During discussions or ITIL trainings, arguments are heard about ITIL implementation. And there is a pattern in such conversation – for what kind of organizations is ITIL suited? What kind of organizations implement ITIL – small ones or large ones? The usual answer is – large ones. But, is that really so?
The issue is that most people see ITIL as applicable only in large organizations. I also have to admit that this opinion prevails when the people who are involved in the discussion aren’t very familiar with ITIL and don’t have experience with it in real life.
ITIL is defined as a collection of best practices for IT Service Management (ITSM). ITIL consists of a five core books, 4 functions, and 26 processes, that address the problems and thereby improve results. The 5 core books are as follows:
- Service Strategy
- Service Design
- Service Transition
- Service Operation
- Continual Service
When considering small organizations we have to be aware of one thing – they also have customers, incidents, changes, etc. That means that they do many of the activities that big organizations do, so why wouldn’t they be good candidates for ITIL implementation? Yes, one can argue that ITIL processes can be complex, which is correct. But, in the case of smaller organizations pragmatism has to replace bureaucracy. What does that mean? That means that process structure should be narrow, avoiding unnecessary steps.
The IT Infrastructure Library (ITIL) is applicable to small- and medium-sized organizations. Consider these points:
1.) Don’t be daunted. Remember that ITIL can work for smaller companies. Even if the processes in ITIL were written with big companies in mind, the lessons apply to smaller organizations. ITIL can work for you, too.
2.) Appoint a process owner.

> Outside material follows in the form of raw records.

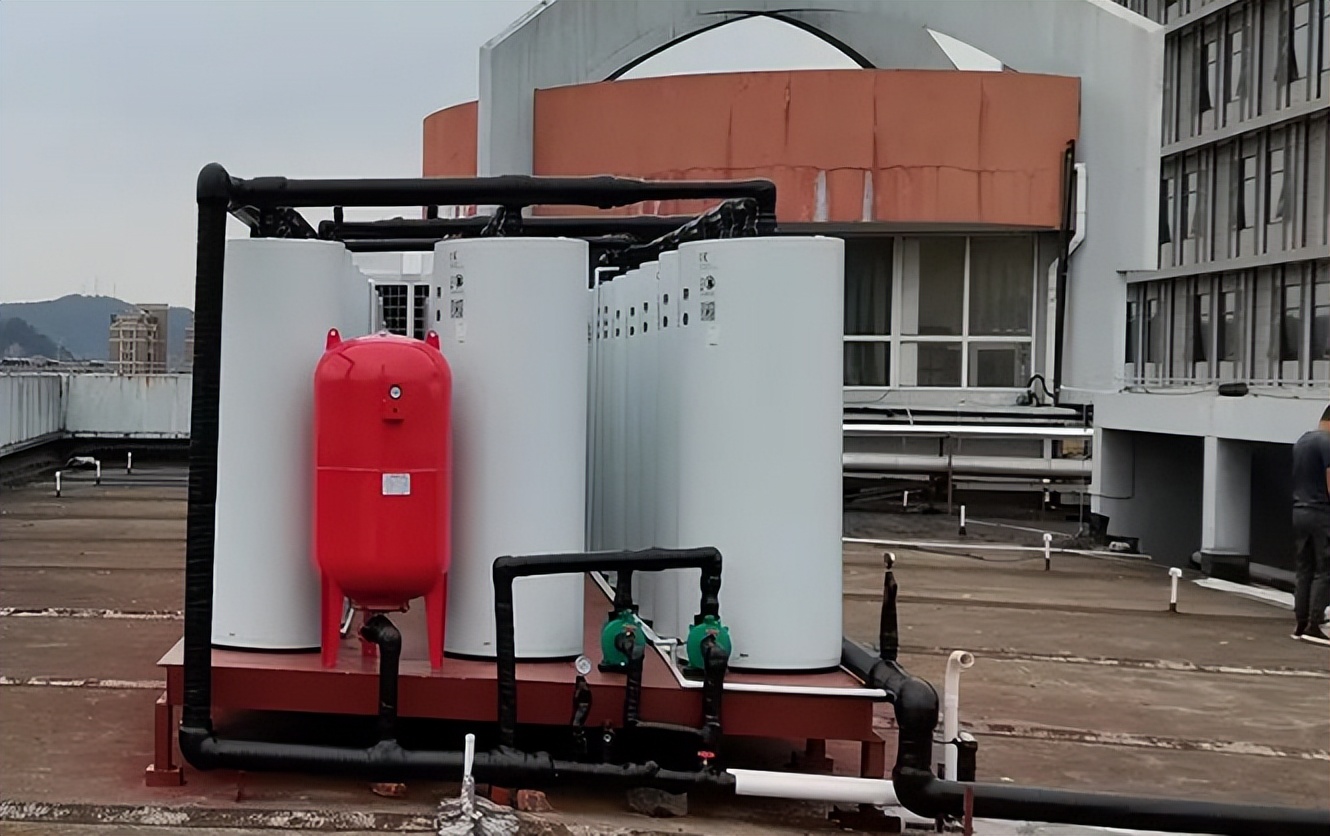 博浪空气能闭式承压系统,博浪承压保温水箱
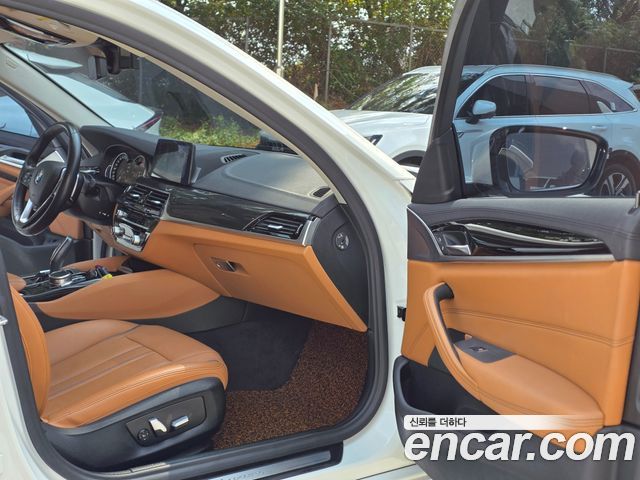 BMW 5 Series (G30) 520d Luxury Special Edition 2018 — фото 10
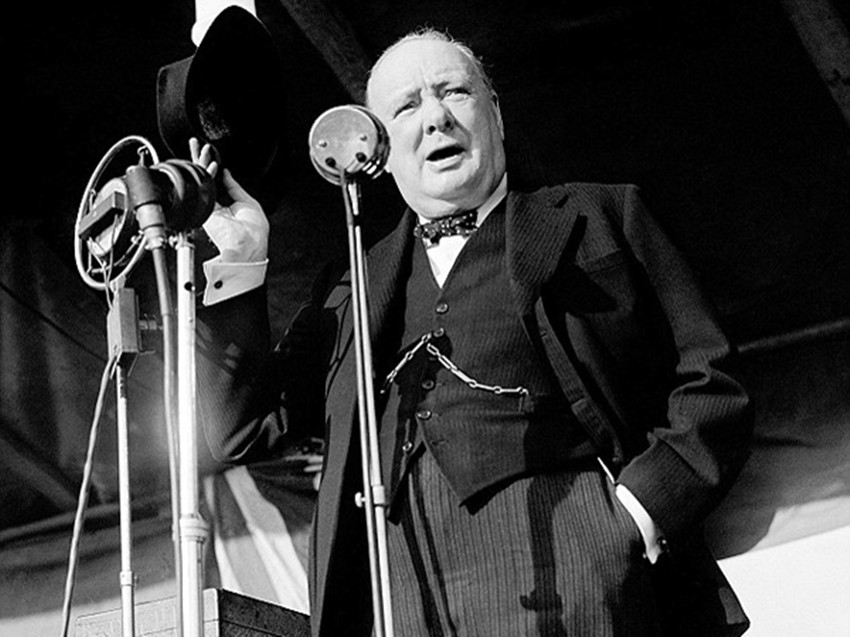 二战结束后美苏冷战爆发的原因,二战结束演变为美苏争霸冷战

You need a leader in charge.
3.) Pick your pieces and prioritize. Choose tenets of ITIL that work for your organization. It’s O.K. to select aspects of ITIL that are right for your organization. Pick up the points you think will work best.
4.) Follow the path, and chart progress. ITIL accountability requires someone assigned to make sure the organization is following ITIL guidelines.
Scope of the ITIL implementation is always a hot topic. Well, maybe the number of implemented processes in small organizations is smaller than in big ones (i.e., focusing on the most important ones), but smaller organizations may still do activities that are not part of (officially) implemented processes. For example, a small company will not have an official Supplier Management process, but the head of IT Service Management (ITSM) will be the one who will manage suppliers. Or strategy – large organizations can have someone dedicated to the topic of strategy (e.g., Business Development Manager), but in small organizations someone from management will take care of this topic.
Large organizations have invested huge effort in processes and organization, consultants have gathered vast experience through many implementations, and training organizations can provide shortcuts in building up the know-how. That’s the opportunity for smaller organizations – there is vast experience and they don’t have to “reinvent the wheel.”
When you put all considerations together, implementing ITIL in smaller organizations seems possible. That doesn’t mean it will be easy. Quite the contrary, I think that small organizations have to plan all details very carefully since they have less room for mistakes, and fewer options when choosing people or designing processes with many activities. But, it’s doable. The critical element is quality people, but that’s also a chance to make better use of their capabilities. And reward them, accordingly.